Ramifications for Individuals with T1D:

One focus of the JDRF research portfolio is the Prevention of T1D – stopping it before an individual becomes dependent on insulin. JDRF is funding efforts that aim to understand the biological processes that occur very early on in the disease process, with special emphasis on the interaction between genetic predisposition and environmental triggers. The earliest collected bio-samples of the TEDDY study participants allow for some of these questions to be addressed and this pilot project addressed a long standing question on the role of viruses in triggering T1D. Although the findings of this study are negative, this is an important result that cannot by itself rule in or rule out a critical role of viruses in T1D etiology. Results from other sample sets will be needed with consistent findings to corroborate this result before we can make definitive statements about the role of viruses in T1D.

JDRF Involvement:

While this study was funded exclusively by the TEDDY funds, JDRF scientific staff maintains close ties with the TEDDY effort and participate in the group’s calls and steering committee meetings. Extensive studies are underway to investigate the presence of viruses in the entire TEDDY study cohort, results of which should be forthcoming in the next couple of years. JDRF will closely monitor these efforts and will take advantage of any opportunity to engage in efforts that may complement their efforts to speed evaluation of potential prevention strategies.
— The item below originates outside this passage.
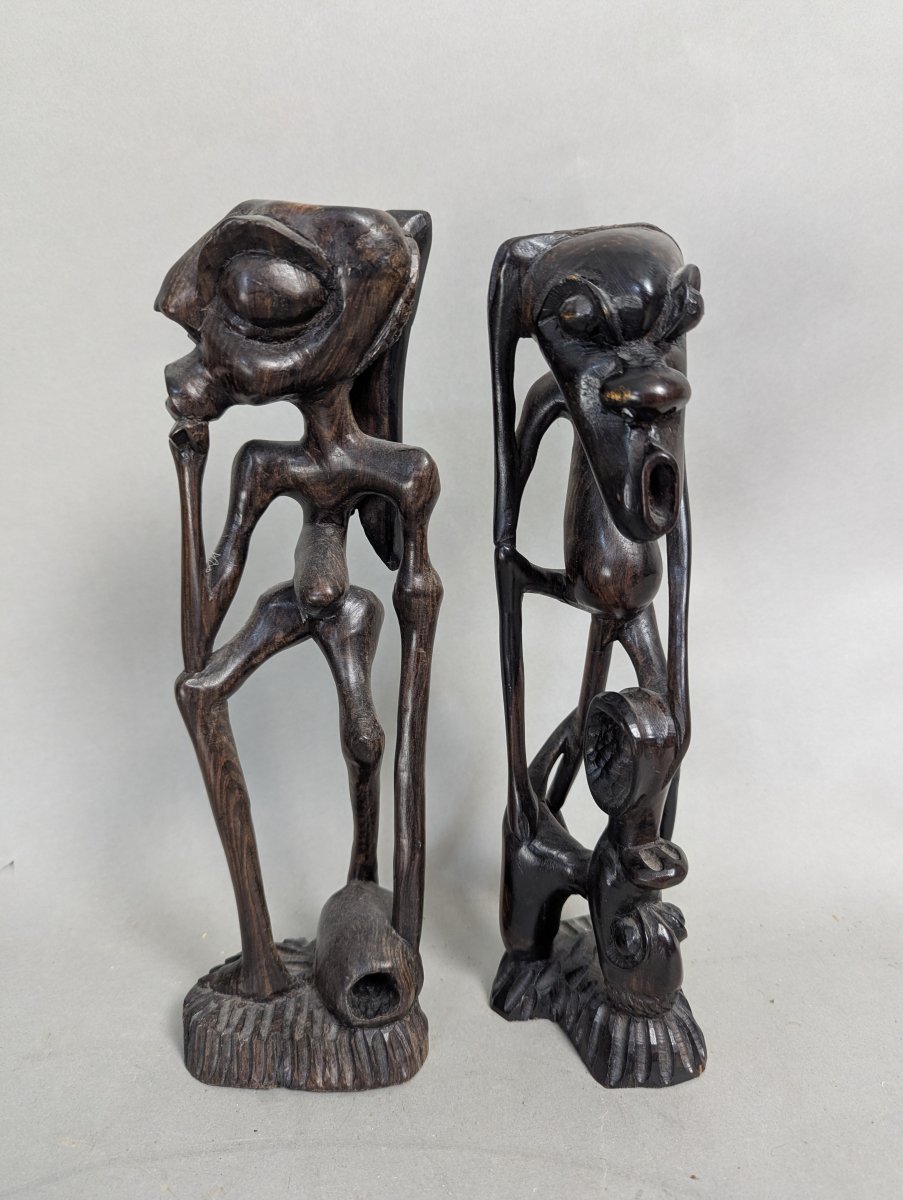 Makonde Shetani Sculpture Pair - Exquisite Hand-Carved African Art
Investigators and Institutions:

Lee HS, Briese T, Winkler C, Rewers M, Bonifacio E, Hyoty H, Pflueger M, Simell O, She JX, Hagopian W, Lernmark A, Akolkar B, Krischer JP, Ziegler AG; the TEDDY study group.

Reference:

Lee HS, Briese T, and others. Next-generation sequencing for viruses in children with rapid-onset type 1 diabetes.

Diabetologia. 2013 Aug;56(8):1705-11. doi: 10.1007/s00125-013-2924-y. Epub 2013 May 9.